_REQUIRED ACTION_. Leaving out all pictures, restate word for word the lines from the one with "COSTWAY Árbol de" through the last line of the entries.

_SOURCE MATERIAL_.
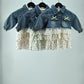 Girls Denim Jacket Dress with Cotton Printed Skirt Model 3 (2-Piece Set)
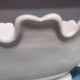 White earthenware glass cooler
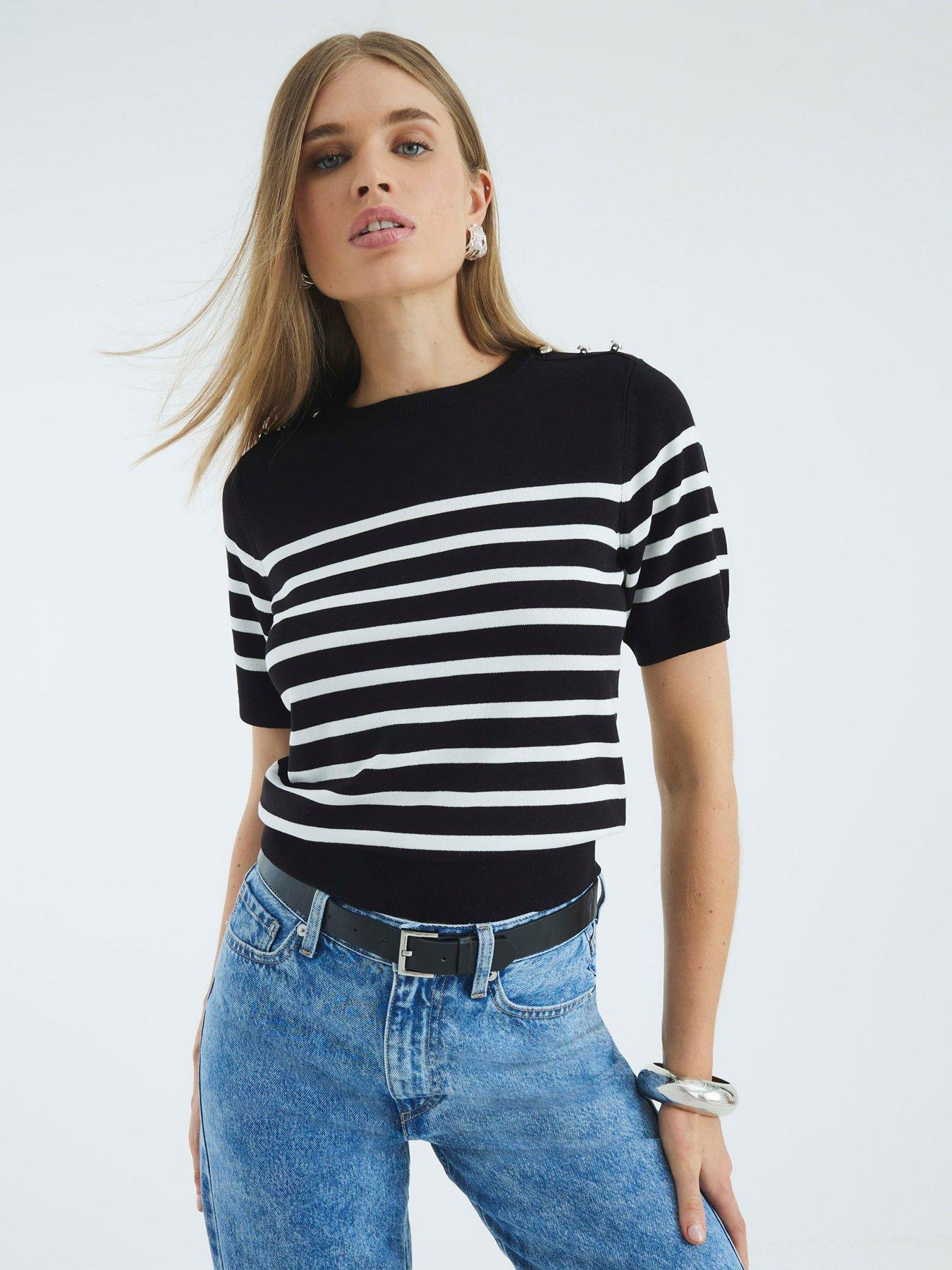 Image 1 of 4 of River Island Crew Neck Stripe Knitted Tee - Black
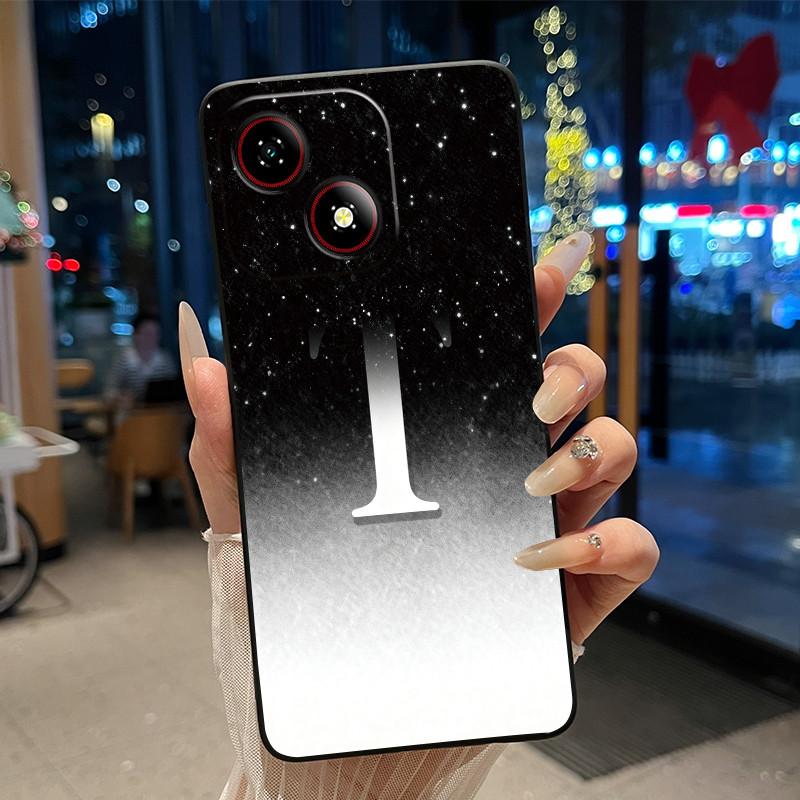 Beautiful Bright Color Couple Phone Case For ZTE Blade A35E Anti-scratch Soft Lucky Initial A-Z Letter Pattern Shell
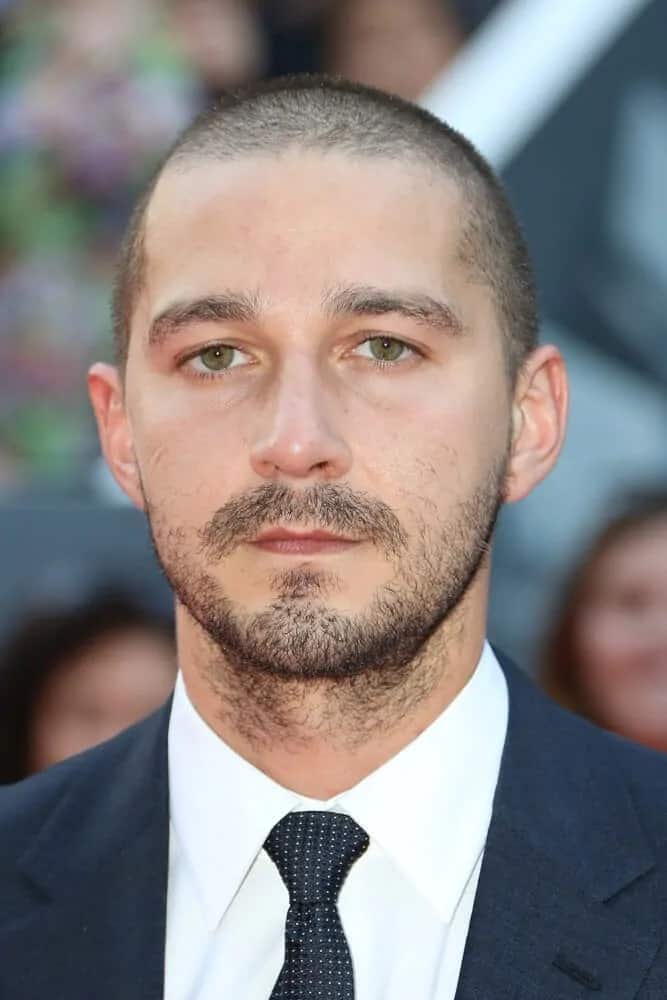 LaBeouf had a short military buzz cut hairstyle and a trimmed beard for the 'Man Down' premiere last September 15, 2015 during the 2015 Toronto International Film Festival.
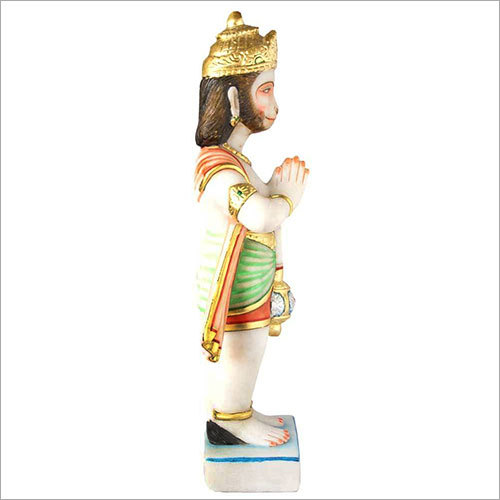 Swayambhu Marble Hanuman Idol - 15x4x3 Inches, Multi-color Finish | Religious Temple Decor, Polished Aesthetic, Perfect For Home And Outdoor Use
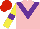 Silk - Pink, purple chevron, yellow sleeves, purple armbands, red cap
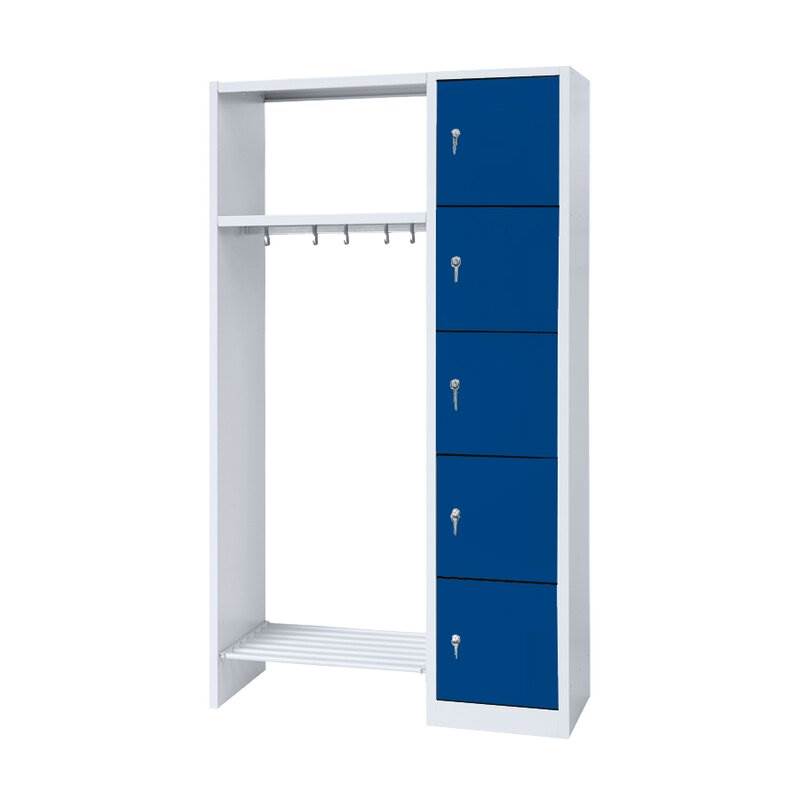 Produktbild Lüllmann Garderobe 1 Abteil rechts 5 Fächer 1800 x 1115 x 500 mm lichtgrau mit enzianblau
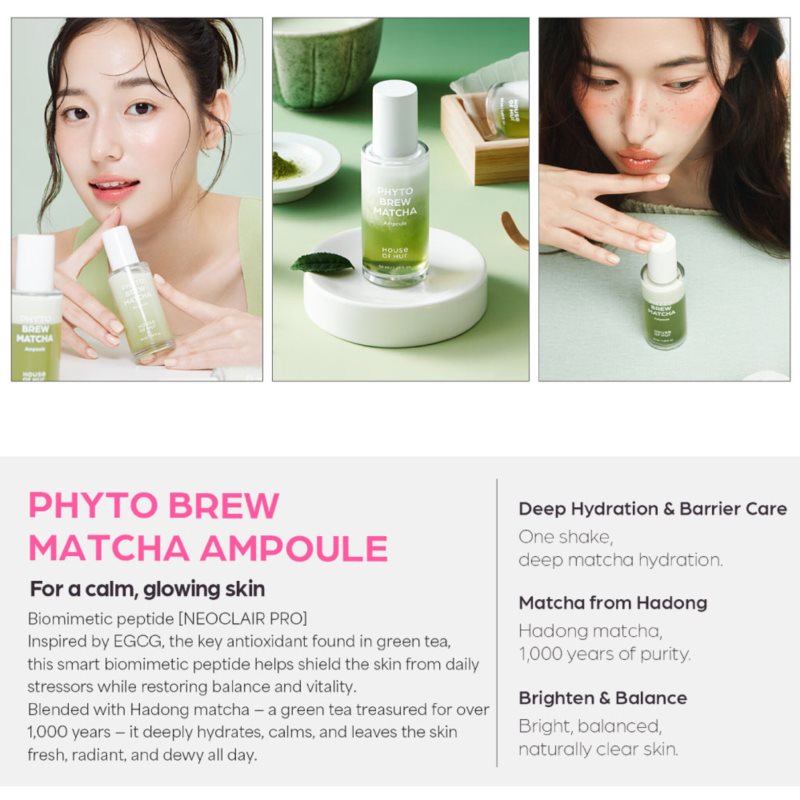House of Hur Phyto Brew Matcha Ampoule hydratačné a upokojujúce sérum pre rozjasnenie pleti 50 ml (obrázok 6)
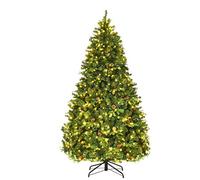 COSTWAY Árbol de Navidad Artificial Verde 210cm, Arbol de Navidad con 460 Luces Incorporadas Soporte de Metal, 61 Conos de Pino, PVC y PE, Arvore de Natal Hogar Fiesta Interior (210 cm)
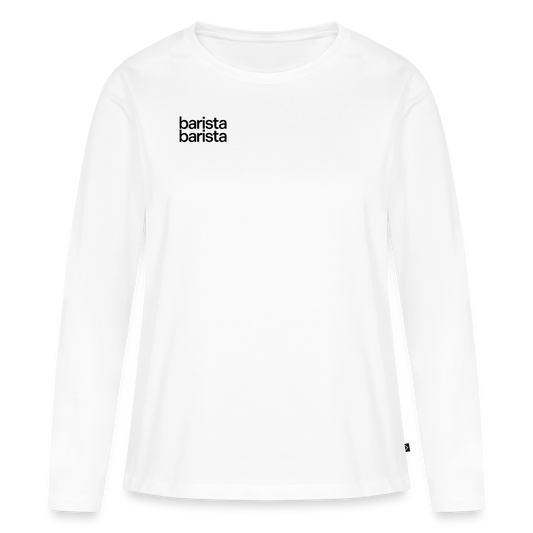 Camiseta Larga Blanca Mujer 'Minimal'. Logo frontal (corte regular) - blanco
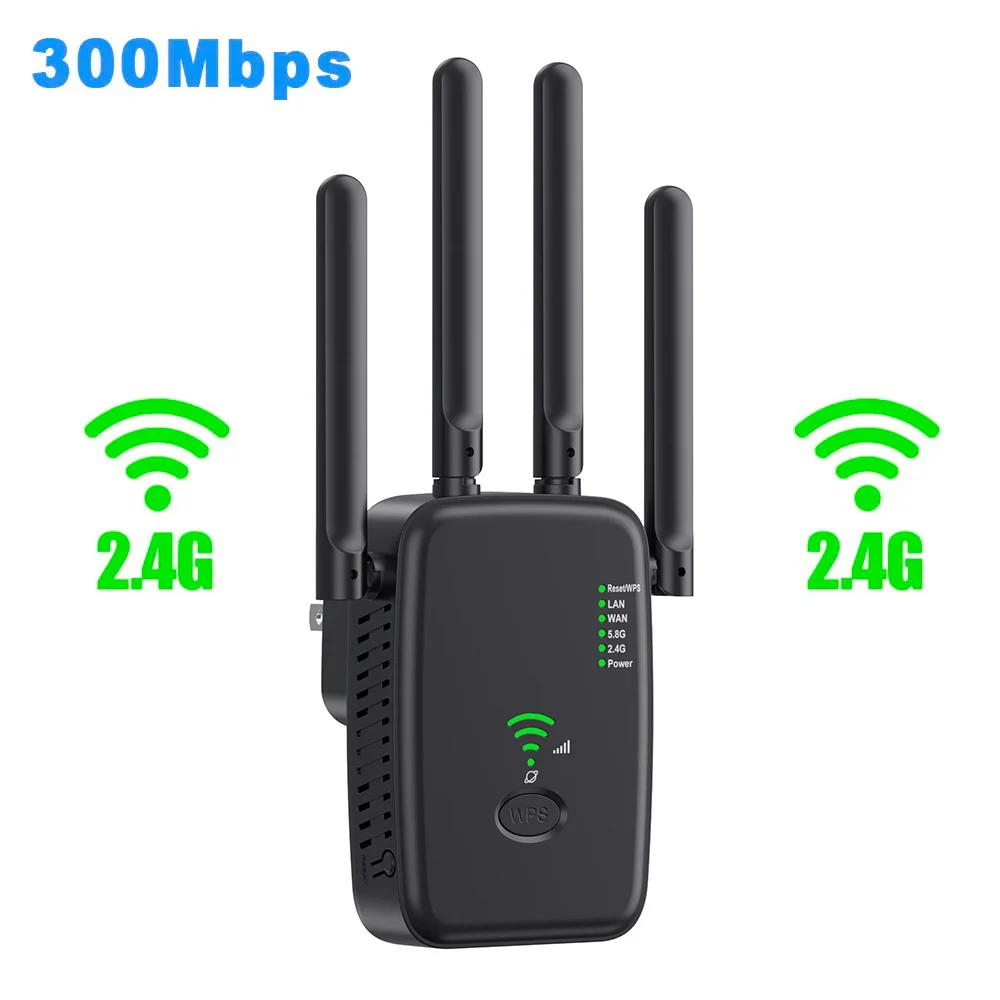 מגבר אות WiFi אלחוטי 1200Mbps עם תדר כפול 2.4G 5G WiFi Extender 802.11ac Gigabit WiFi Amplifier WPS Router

_RESPONSE TO THIS TASK_.
 COSTWAY Árbol de Navidad Artificial Verde 210cm, Arbol de Navidad con 460 Luces Incorporadas Soporte de Metal, 61 Conos de Pino, PVC y PE, Arvore de Natal Hogar Fiesta Interior (210 cm)
 Camiseta Larga Blanca Mujer 'Minimal'. Logo frontal (corte regular) - blanco
 מגבר אות WiFi אלחוטי 1200Mbps עם תדר כפול 2.4G 5G WiFi Extender 802.11ac Gigabit WiFi Amplifier WPS Router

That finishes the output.